§ **Work to complete**: For the entries below, return the line holding "Pattern Cotton Beach" together with all lines after it, unchanged, and leave every picture out.
+++
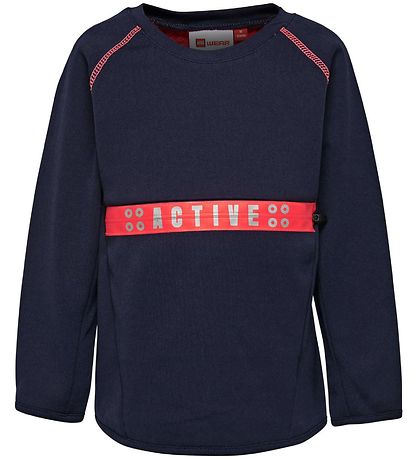 LEGO® Wear Blússa - Dökkblátt/Neon Bleikt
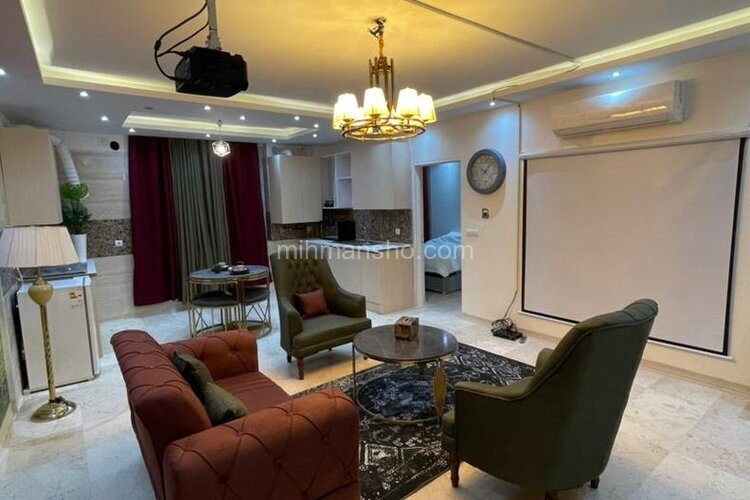 آپارتمان مبله تکخواب کاوان روم 6 در مولوی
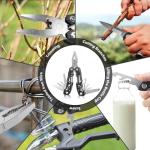 14-in-1 Stainless Steel Multitool for Outdoor Adventures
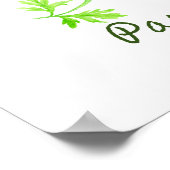 ウォーターカラーパセリイラストレーション ポスター (角)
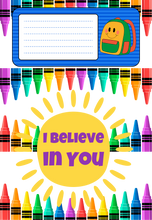 Load image into Gallery viewer, Crayons Composition Notebook PNG
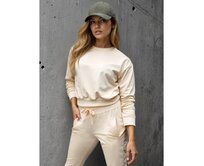 Dámská klasická mikina krémová Béžová, S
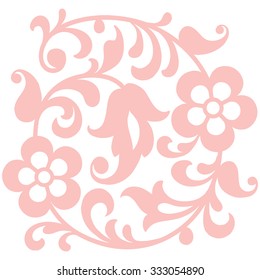 Vintage Vector hand-drawn seamless pattern with ethnic east floral ornament. Flowers. Abstract Background.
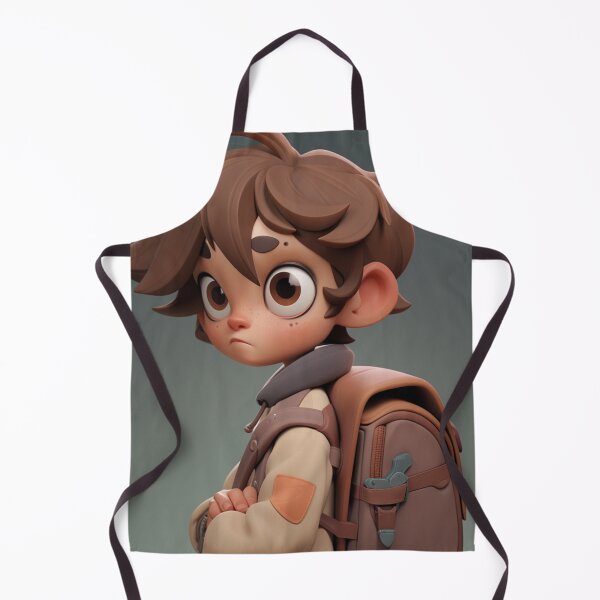 Item preview, Anime Boy With Schoolbag designed and sold by LuckyCatStore.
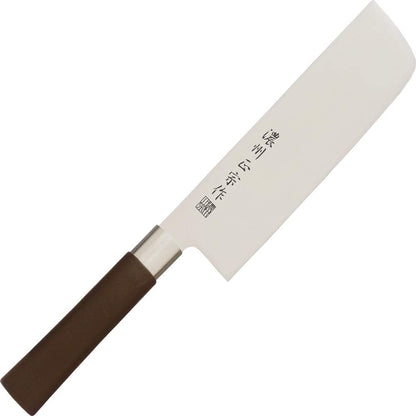 Satake Sangyo SEKI245517 Knife by Masamune Onshu Deba Knife, Made in Japan, 6.3 inches (160 mm), Fish, Sashimi, Made in Seki City, Japanese Knife, Resin Handle, Single Blade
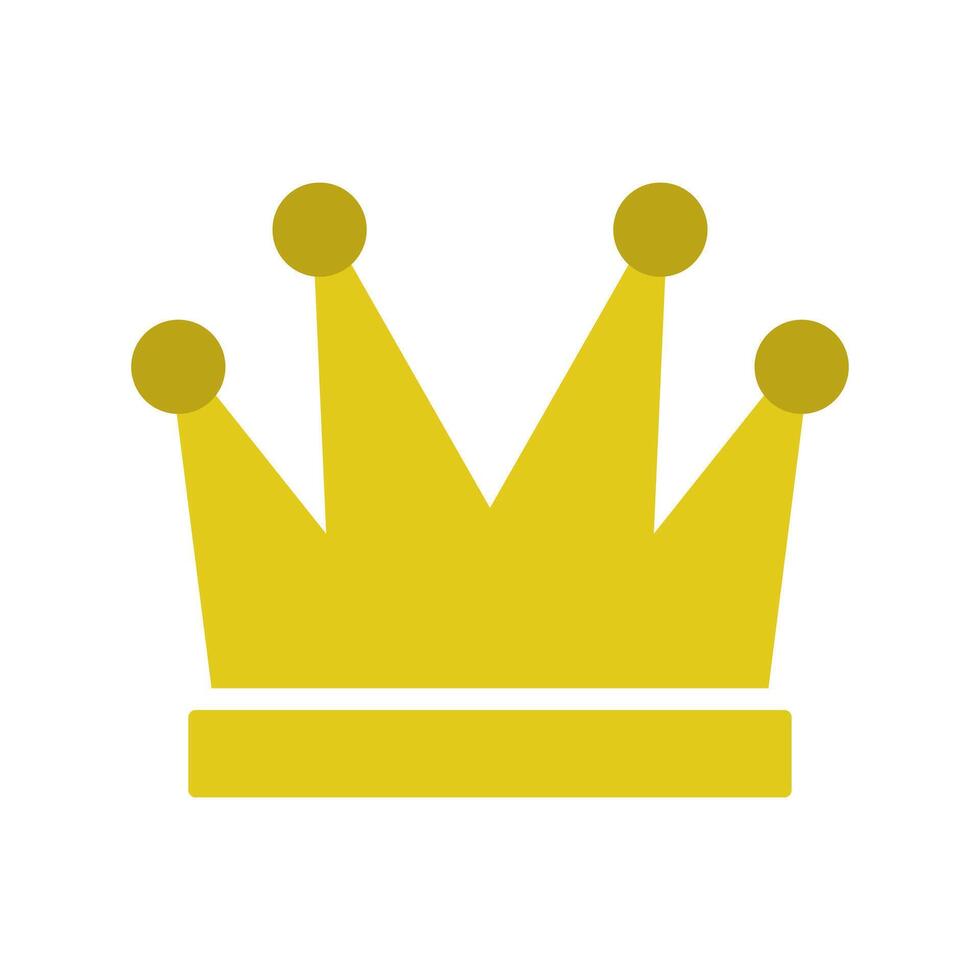A yellow crown icon on a white background vector
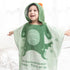 5-9 Years/Height:43.3"-51.2") TONWHAR Kids Bath/Pool/Beach Hooded Poncho Towel-Cartoon Animal Pattern Cotton Beach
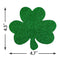 jollylife 12PCS St. Patrick’s Day Shamrock Decorations - Lucky Irish Party Hanging Ornaments Garland Cutouts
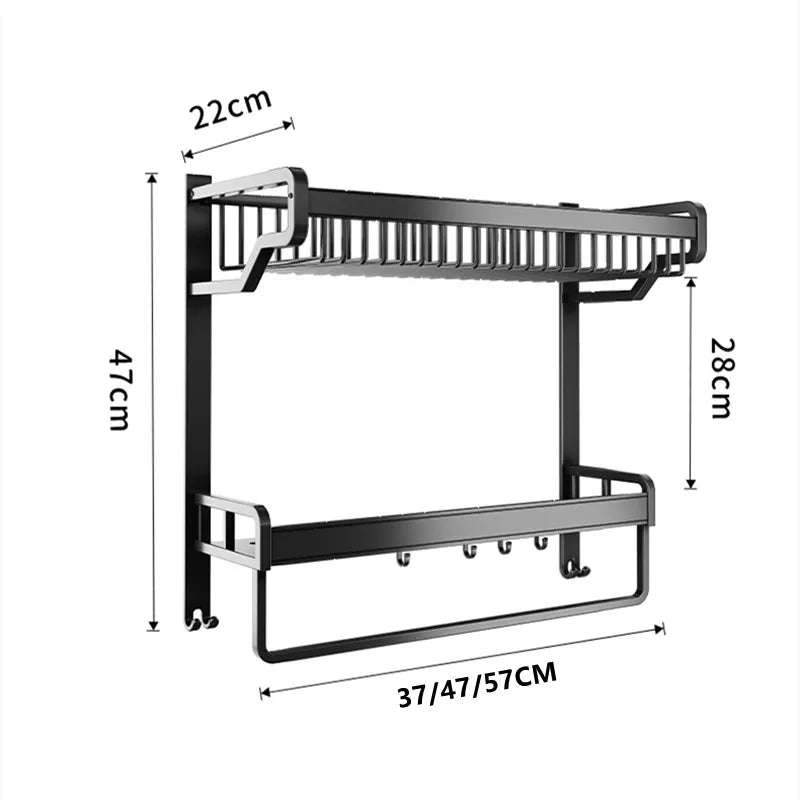 Bathroom Rotatation Shelf Corner Shelves Shampoo Holder Kitchen Storage Rack Shower Organizer Wall Holder Space Aluminum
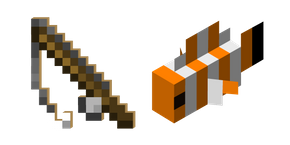 Minecraft Fishing Rod and Clownfish Curseur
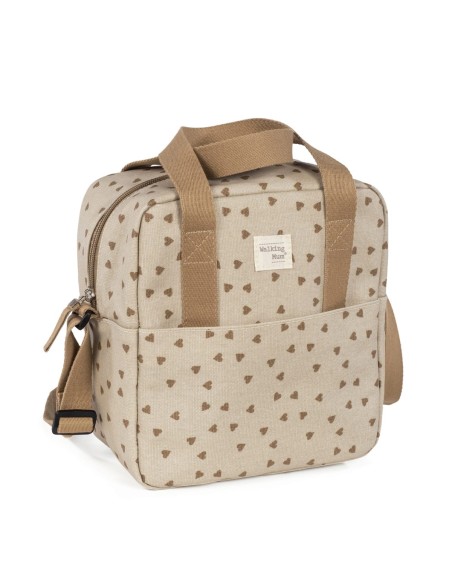 Bolsa térmica corazones Poppy canela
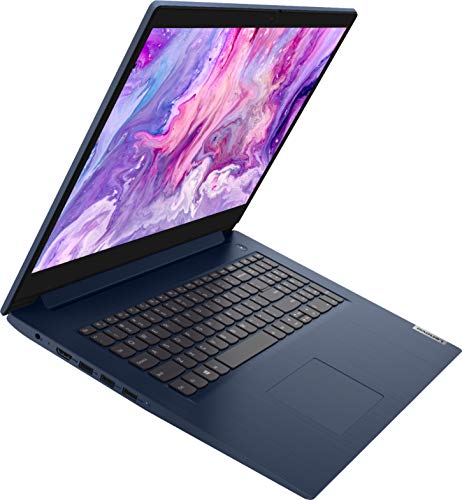 Lenovo 2022 IdeaPad 3 17.3" HD+ Laptop PC Intel 11th 4-Core i5-1135G7 36GB RAM DDR4 1TB M.2 NVMe SSD Iris Xe Graphics USB-C HDMI WiFi AX BT Webcam Fingerprint Blue Windows 10 Pro w/ RE Accessories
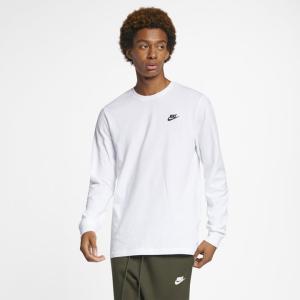 Nike 長袖カットソー ホワイト ブラック2枚セット NIKE（ナイキ） 長袖 Tシャツ メンズ NIKE Dri-FIT トレーニング
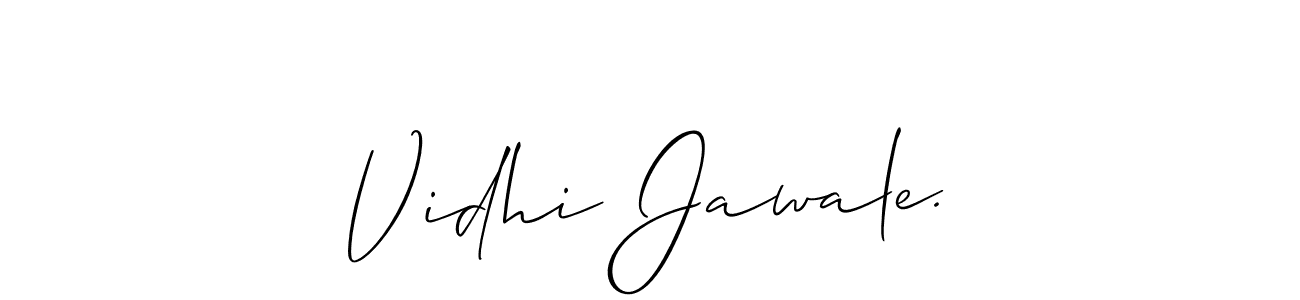 Make a beautiful signature design for name Vidhi Jawale.. Use this online signature maker to create a handwritten signature for free. Vidhi Jawale. signature style 2 images and pictures png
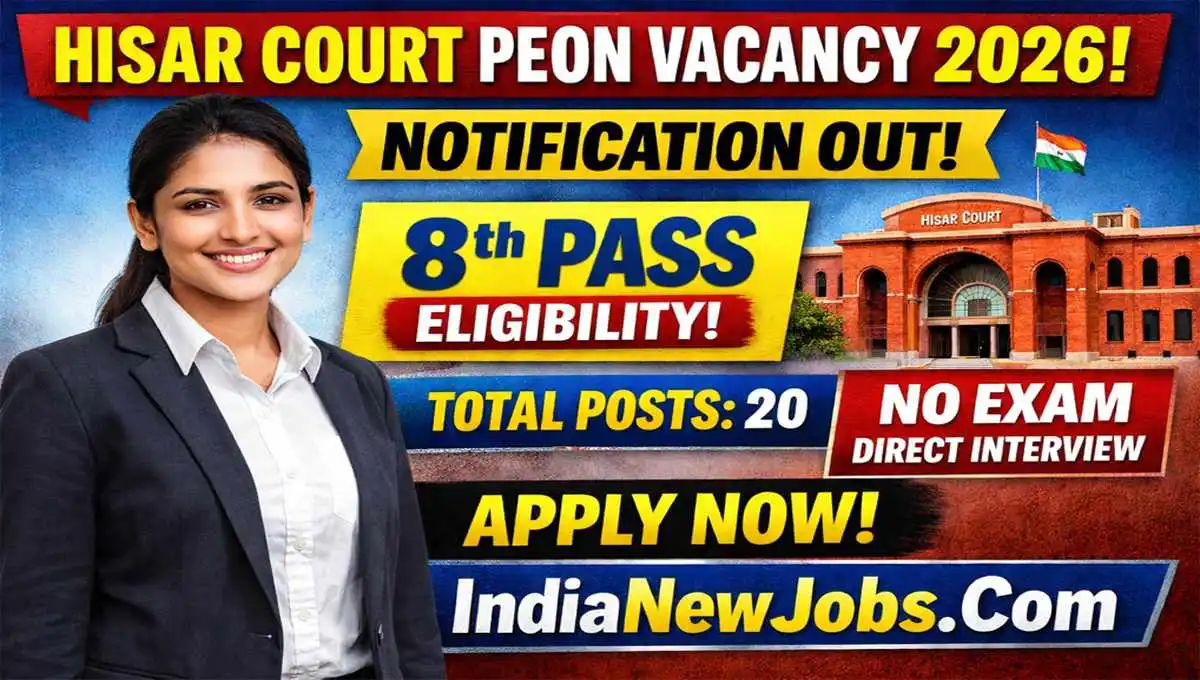 Hisar Court Peon Vacancy 2026 Notification And Application Form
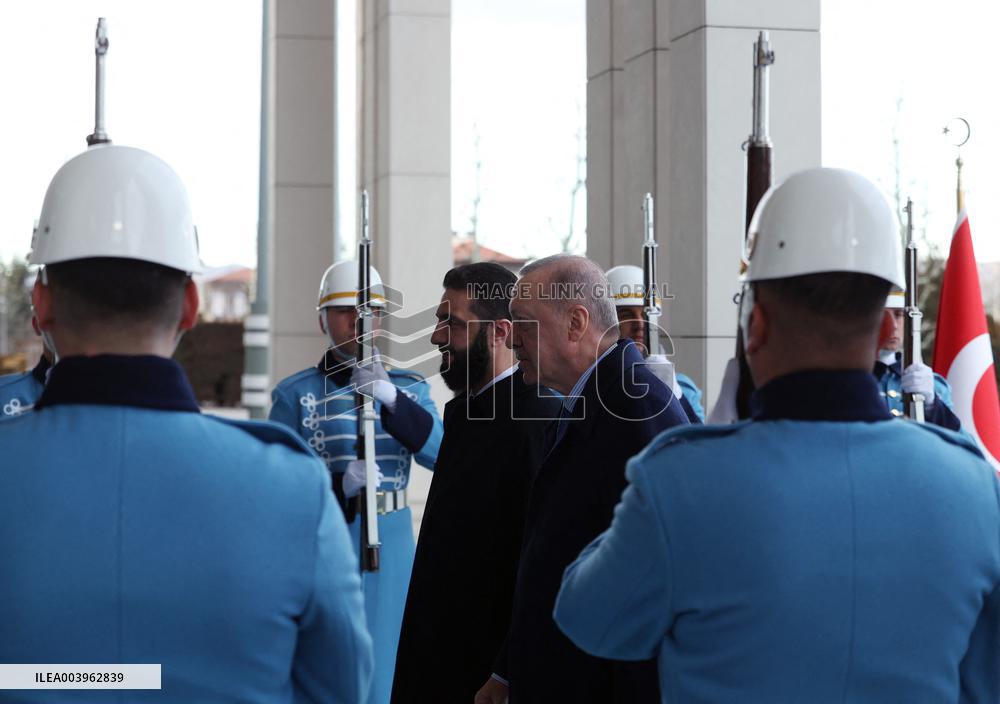 Syria's Interim President Ahmed al-Shara Visits Turkey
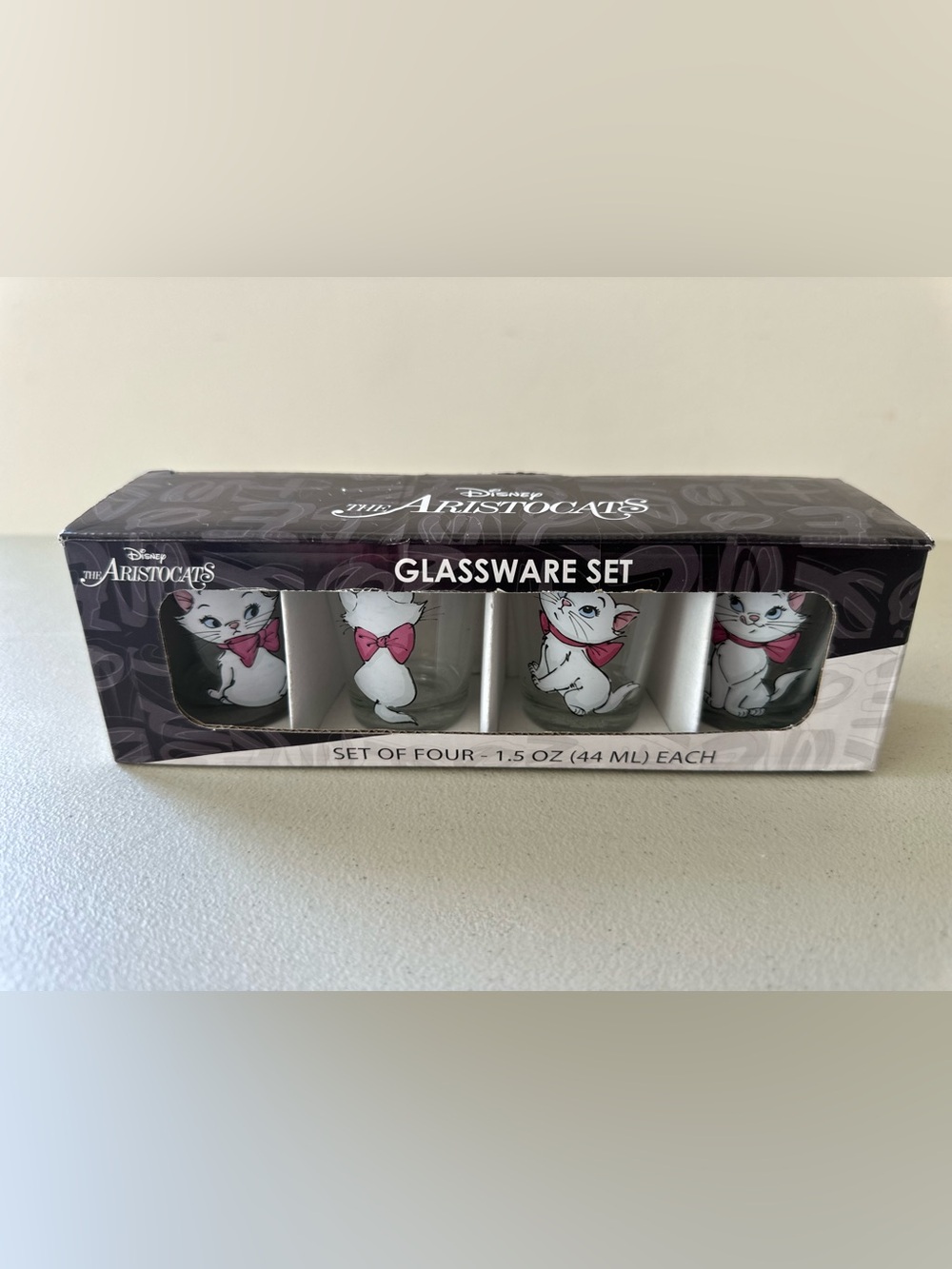 Disney The Aristocats Shot Glasses Set of Four NIB Silver Buffalo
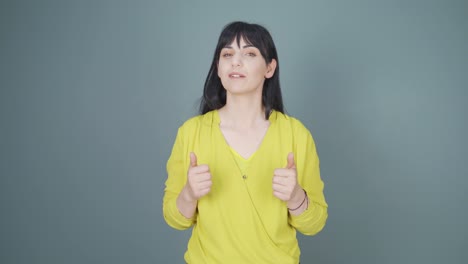 Woman-giving-motivational-speech-to-camera.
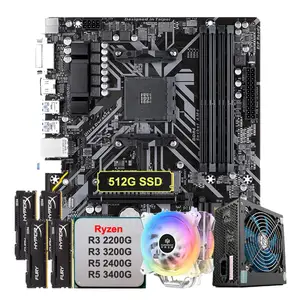 Huananzhi-cpuプロセッサクーラー,h310 b365 lga 1151マザーボード,Intel Core i5 9400f i3  9100f 16g ddr4,a600,4加熱チューブ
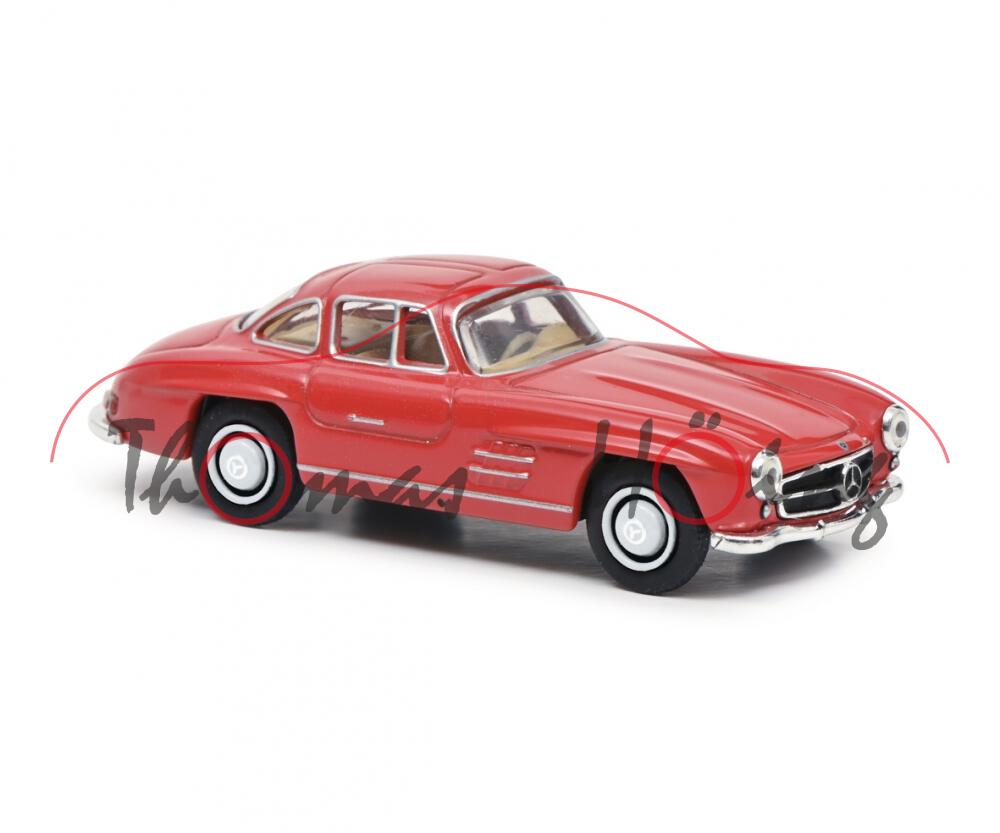 Mercedes-Benz 300 SL (W 198, Modell 1954-1957), hell-tomatenrot, Nummer 7, Schuco, 1:64, mb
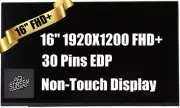 New 16" FHD WUXGA laptop LED LCD Screen Panel Non Touch for DELL 0NWX38 NWX38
+++
§ **Answer**:
 5-9 Years/Height:43.3"-51.2") TONWHAR Kids Bath/Pool/Beach Hooded Poncho Towel-Cartoon Animal Pattern Cotton Beach
 jollylife 12PCS St. Patrick’s Day Shamrock Decorations - Lucky Irish Party Hanging Ornaments Garland Cutouts
 Bathroom Rotatation Shelf Corner Shelves Shampoo Holder Kitchen Storage Rack Shower Organizer Wall Holder Space Aluminum
 Minecraft Fishing Rod and Clownfish Curseur
 Bolsa térmica corazones Poppy canela
 Lenovo 2022 IdeaPad 3 17.3" HD+ Laptop PC Intel 11th 4-Core i5-1135G7 36GB RAM DDR4 1TB M.2 NVMe SSD Iris Xe Graphics USB-C HDMI WiFi AX BT Webcam Fingerprint Blue Windows 10 Pro w/ RE Accessories
 Nike 長袖カットソー ホワイト ブラック2枚セット NIKE（ナイキ） 長袖 Tシャツ メンズ NIKE Dri-FIT トレーニング
 Make a beautiful signature design for name Vidhi Jawale.. Use this online signature maker to create a handwritten signature for free. Vidhi Jawale. signature style 2 images and pictures png
 Hisar Court Peon Vacancy 2026 Notification And Application Form
 Syria's Interim President Ahmed al-Shara Visits Turkey
 Disney The Aristocats Shot Glasses Set of Four NIB Silver Buffalo
 Woman-giving-motivational-speech-to-camera.
 Huananzhi-cpuプロセッサクーラー,h310 b365 lga 1151マザーボード,Intel Core i5 9400f i3  9100f 16g ddr4,a600,4加熱チューブ
 Mercedes-Benz 300 SL (W 198, Modell 1954-1957), hell-tomatenrot, Nummer 7, Schuco, 1:64, mb
 New 16" FHD WUXGA laptop LED LCD Screen Panel Non Touch for DELL 0NWX38 NWX38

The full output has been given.